**Work to be completed:** Locate the line that contains "Sioux Falls, South". Reproduce it and all following lines up to the end of the material, exactly and with nothing added.

**Records supplied:**
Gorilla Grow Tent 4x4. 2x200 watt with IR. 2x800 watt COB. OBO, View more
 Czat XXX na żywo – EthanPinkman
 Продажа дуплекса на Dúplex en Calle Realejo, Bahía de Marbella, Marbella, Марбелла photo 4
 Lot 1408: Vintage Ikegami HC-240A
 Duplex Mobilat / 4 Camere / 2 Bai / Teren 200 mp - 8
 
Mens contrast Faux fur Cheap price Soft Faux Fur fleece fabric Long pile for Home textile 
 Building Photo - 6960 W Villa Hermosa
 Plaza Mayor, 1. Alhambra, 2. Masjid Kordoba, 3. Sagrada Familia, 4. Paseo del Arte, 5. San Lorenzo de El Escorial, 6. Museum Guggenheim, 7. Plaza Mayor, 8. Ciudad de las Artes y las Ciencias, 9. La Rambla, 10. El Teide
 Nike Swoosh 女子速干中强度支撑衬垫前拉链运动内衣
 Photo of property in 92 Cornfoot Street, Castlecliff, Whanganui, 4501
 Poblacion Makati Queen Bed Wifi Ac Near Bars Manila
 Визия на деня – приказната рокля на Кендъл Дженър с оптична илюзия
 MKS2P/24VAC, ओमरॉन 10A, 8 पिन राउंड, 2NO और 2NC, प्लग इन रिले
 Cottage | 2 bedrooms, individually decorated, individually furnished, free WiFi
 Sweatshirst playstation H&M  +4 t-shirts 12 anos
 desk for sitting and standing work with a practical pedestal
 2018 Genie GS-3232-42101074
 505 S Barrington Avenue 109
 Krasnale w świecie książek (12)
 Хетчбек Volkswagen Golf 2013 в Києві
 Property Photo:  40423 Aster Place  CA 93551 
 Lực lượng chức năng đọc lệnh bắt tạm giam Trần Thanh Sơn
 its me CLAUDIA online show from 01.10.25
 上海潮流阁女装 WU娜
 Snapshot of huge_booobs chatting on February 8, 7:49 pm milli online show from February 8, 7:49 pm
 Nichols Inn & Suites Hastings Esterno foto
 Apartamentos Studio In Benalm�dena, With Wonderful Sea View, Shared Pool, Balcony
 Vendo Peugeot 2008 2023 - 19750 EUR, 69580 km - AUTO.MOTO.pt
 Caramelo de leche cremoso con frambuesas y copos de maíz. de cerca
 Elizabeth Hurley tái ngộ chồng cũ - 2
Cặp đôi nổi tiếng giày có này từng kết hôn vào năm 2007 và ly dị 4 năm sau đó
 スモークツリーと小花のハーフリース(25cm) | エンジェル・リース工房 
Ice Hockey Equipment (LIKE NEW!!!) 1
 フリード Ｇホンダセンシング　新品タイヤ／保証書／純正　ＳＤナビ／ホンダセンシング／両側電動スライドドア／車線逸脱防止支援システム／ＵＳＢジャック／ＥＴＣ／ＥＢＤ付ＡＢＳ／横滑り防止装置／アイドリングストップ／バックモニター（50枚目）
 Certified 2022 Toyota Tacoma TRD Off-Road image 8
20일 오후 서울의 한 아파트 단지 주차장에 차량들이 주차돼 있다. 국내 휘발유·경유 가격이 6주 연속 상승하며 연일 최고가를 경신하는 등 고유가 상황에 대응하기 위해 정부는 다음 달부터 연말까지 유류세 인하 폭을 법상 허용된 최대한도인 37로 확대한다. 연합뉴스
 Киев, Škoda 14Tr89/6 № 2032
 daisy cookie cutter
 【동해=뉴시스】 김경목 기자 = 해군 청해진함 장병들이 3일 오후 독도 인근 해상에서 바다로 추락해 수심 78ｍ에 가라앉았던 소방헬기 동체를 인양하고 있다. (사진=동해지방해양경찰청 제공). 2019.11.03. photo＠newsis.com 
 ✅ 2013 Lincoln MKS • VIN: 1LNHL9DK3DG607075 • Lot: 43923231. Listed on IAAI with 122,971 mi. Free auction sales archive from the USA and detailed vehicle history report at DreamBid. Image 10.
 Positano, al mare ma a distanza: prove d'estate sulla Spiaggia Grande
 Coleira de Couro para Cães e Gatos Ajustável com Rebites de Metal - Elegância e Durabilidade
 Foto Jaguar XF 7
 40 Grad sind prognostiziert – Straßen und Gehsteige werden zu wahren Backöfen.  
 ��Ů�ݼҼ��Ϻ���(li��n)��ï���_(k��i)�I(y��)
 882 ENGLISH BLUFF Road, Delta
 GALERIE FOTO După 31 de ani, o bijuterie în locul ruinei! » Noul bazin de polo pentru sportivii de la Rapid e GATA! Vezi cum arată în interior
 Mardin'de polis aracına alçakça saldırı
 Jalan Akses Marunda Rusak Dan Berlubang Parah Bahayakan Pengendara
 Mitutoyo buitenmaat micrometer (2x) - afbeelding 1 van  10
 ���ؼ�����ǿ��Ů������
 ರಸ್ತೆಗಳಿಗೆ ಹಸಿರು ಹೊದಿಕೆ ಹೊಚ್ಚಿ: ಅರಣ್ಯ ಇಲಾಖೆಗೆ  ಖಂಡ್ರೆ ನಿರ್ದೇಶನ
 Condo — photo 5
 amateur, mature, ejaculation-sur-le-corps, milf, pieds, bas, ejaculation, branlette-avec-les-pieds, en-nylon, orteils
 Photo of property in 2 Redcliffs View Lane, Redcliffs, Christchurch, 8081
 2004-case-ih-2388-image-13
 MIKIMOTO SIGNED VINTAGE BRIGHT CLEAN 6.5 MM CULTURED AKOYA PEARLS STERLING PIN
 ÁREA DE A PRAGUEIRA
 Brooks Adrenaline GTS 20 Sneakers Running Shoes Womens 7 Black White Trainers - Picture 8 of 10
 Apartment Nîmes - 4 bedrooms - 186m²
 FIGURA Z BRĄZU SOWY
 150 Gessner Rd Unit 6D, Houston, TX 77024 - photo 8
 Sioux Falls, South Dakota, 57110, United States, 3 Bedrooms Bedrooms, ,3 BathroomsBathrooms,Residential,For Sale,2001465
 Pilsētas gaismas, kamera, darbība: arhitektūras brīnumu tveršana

**Your response:**
 Sioux Falls, South Dakota, 57110, United States, 3 Bedrooms Bedrooms, ,3 BathroomsBathrooms,Residential,For Sale,2001465
 Pilsētas gaismas, kamera, darbība: arhitektūras brīnumu tveršana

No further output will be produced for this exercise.